The ultimate student guide to Oxford

Studying in one of the world's top university cities is a dream. If you'd like to make it come true, our Oxford international student guide is here to help.

Multi-coloured composite illustration of some of Oxford's historic buildings

Come to study in Oxford, and you'll soon see why it is known as 'The City of Dreaming Spires'. Its historic architecture and natural beauty have inspired students for centuries. Known best for the world-leading Oxford University, the city has educated some of the most famous names in art and science, from Stephen Hawking to J. R. R. Tolkien. If you're keen to walk in their footsteps, start with our Oxford international student guide.

What is Oxford like?

Location and demographics

Situated in the heart of southern England, Oxford is ideally placed among beautiful countryside, while being only around 60-80 miles from the major cities of Birmingham, Bristol and London. Oxford itself is much smaller than these places, with a population of around 150,000, so you may have a more relaxed experience here than elsewhere.

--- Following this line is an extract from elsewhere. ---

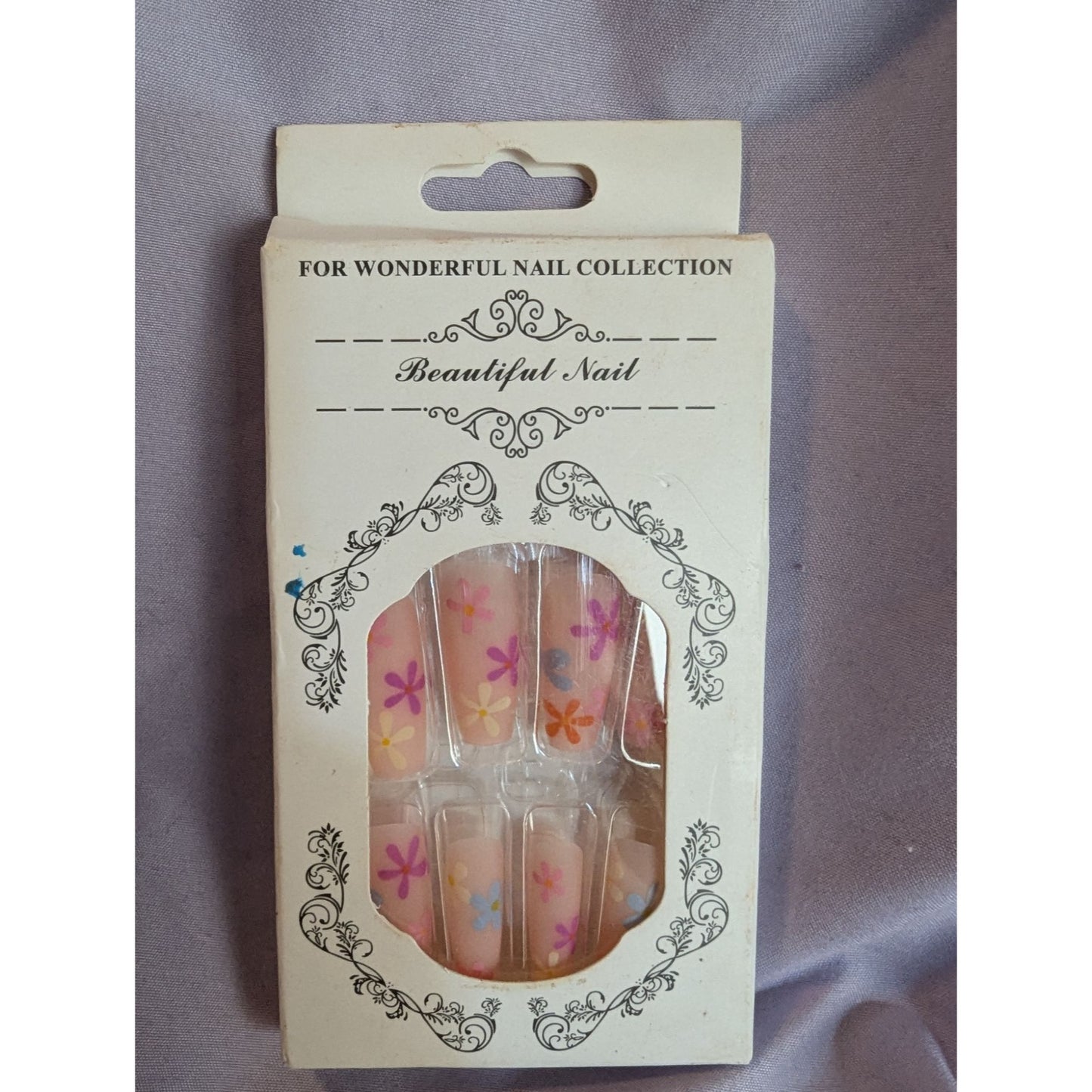 Flower Pattern Press-On Nails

Nonetheless, in a city built around students, you will never be short of things to do.

The strong student presence also ensures that the people of Oxford have a wide range of backgrounds. Although the city is a long way from being as diverse as somewhere like London, people come here from all over the world. Around 45 per cent of students at Oxford University are international students, while people from around 140 countries attend neighbouring Oxford Brookes.

Of course, Oxford is far from the only great place to study in Britain. Find out about some of the country’s other top university destinations with our guide to the best student cities in the UK.


Culture and history

Oxford is an immensely historic city which has welcomed students for almost 1,000 years. As such, its culture has been heavily shaped by education. Many of the buildings you will see as you walk around would not exist without its university heritage, and that includes places that are not directly connected to it. Oxford would not be the same if it had never become a centre of academic excellence.

Nevertheless, not everything in Oxford is university-focused. Indeed, in previous centuries, disagreements between local residents and students led to full-scale battles. Such conflict was even responsible for the founding of the University of Cambridge, which happened after Oxford scholars fled there in fear. Of course, that kind of problem is a thing of the past, but even today you should be mindful that there is life beyond studying in Oxford.


What universities are in Oxford?

When you think of studying in Oxford, you probably think of Oxford University. The renowned institution has placed top of the Times Higher Education World University Rankings every year since 2017, and has been regarded as one of the most prestigious of all universities for centuries.

However, if prestige is not your number one concern, you should not overlook Oxford Brookes University. While it does not have the same elite reputation as its famous neighbour, that means that your chances of studying there are greater. It is still a well-regarded university, and above all it gives you the same opportunity to enjoy the legendary Oxford student experience.

Alternatively, there are many other places to go for the pleasure of studying in a historic English university city. For some inspiration, try our ultimate student guide to Cambridge.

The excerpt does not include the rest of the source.